With high unemployment, recruitment firms have returned to Puerto Rico, as they did in 1900 and 1947. The Wall Street Journal and The Washington Post report that U.S. firms are recruiting not only cheap labor, but also experienced and educated workers unable to find employment in once-thriving industries and businesses. Puerto Rico’s fiscal plan for 2018 does not offer any hope for the immediate future. The plan projects that the economy will shrink by 11% and the population will decline by an additional 8% during the year.

Puerto Rico’s formula for capitalist development has failed beyond rehabilitation. Corporations are no longer investing in Puerto Rico to feast on a bounty of profit-maximizing incentives. While capital inflows have virtually stopped, population outflow continues unabated. Every day, hundreds if not thousands of island-based Puerto Ricans join the diaspora. Unlike previous migrations that were part of an economic growth strategy, post-Hurricane Maria migration is one borne of uncertainty and desperation. The scale and rapidity of depopulation has no parallel in Puerto Rican history, and bears a disturbing resemblance to a movement of people who have been forcibly displaced by war. The island’s demographic reconfiguration portends significant changes for ongoing U.S. colonial rule of Puerto Rico.

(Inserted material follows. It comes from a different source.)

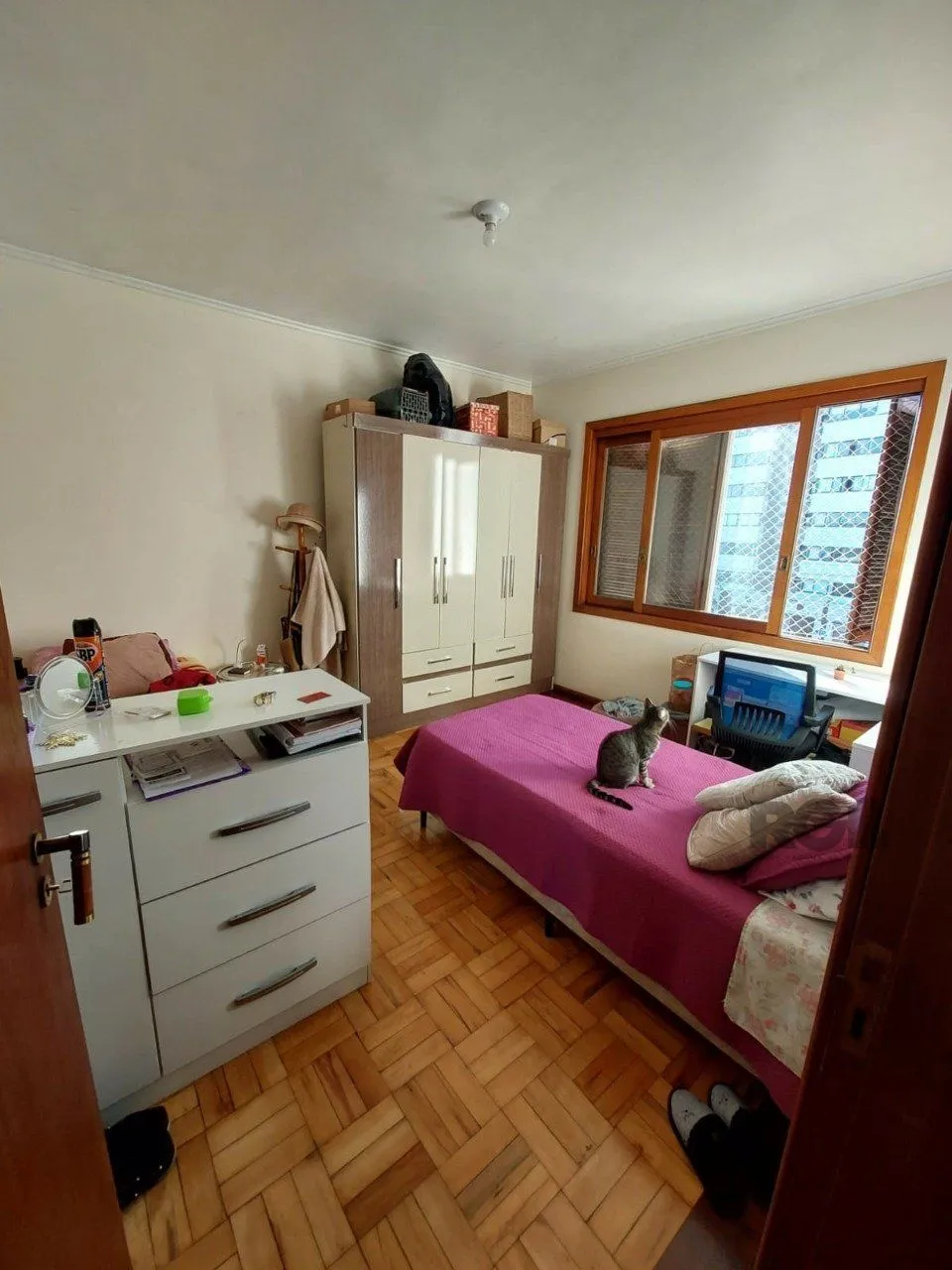 Imagem Apartamento com 03 Quartos na Avenida Protásio Alves, Porto Alegre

But Puerto Rico’s crisis cannot be resolved under the current structure of colonial rule. Puerto Rico cannot attract external investments, and the federal government has openly demonstrated a callous disregard, if not disdain, for the welfare of its U.S. citizens of Puerto Rico. Both the pipe dream of statehood backed by the right-wing Partido Nuevo Progresista (New Progressive Party, PNP) and support for the ossified commonwealth status as promoted by the centrist Partido Popular Democrático (Popular Democratic Party, PPD) have been completely discredited as a result of the local and federal governments’ inept management of the crisis. Puerto Rico has been stripped of its fiscal autonomy, cannot access U.S. capital markets, and remains shackled by a debt that it can never repay. The elected politicians and their appointees in the state bureaucracy have been exposed as incompetent, if not venal.

Ironically, Puerto Rico is also a victim of the demise of U.S. empire. During the middle of the 20th century, or heyday of the so-called “American Century,” Puerto Rico received substantial military funding, and the federal government subsidized a huge insular bureaucracy that provided employment for scores of thousands of Puerto Ricans. Favorable federal tax laws for corporations with subsidiaries operating in Puerto Rico generated internationally competitive profit rates for U.S. capital.

But during the past two decades, Puerto Rico has been battered by the forces of globalization, demilitarized in the aftermath of the Cold War, and now abandoned by the federal government. The colony no longer works for the United States nor for Puerto Ricans. The island is irrelevant to an empire in decline. Through mass exodus, Puerto Ricans have demonstrated that neither statehood nor commonwealth status are politically feasible. In a federal government dominated by resurgent white supremacist ideals, statehood for brown, Spanish-speaking Puerto Ricans would be anathema.

For Puerto Ricans, there is a growing realization that colonialism must end, and it must be replaced with a new political regime: a regime with the legitimate sovereignty and autonomy that Puerto Ricans have been denied for 120 years.


Pedro Cabán is professor and chair of the Latin American, Caribbean and U.S. Latino Studies Department of the University at Albany.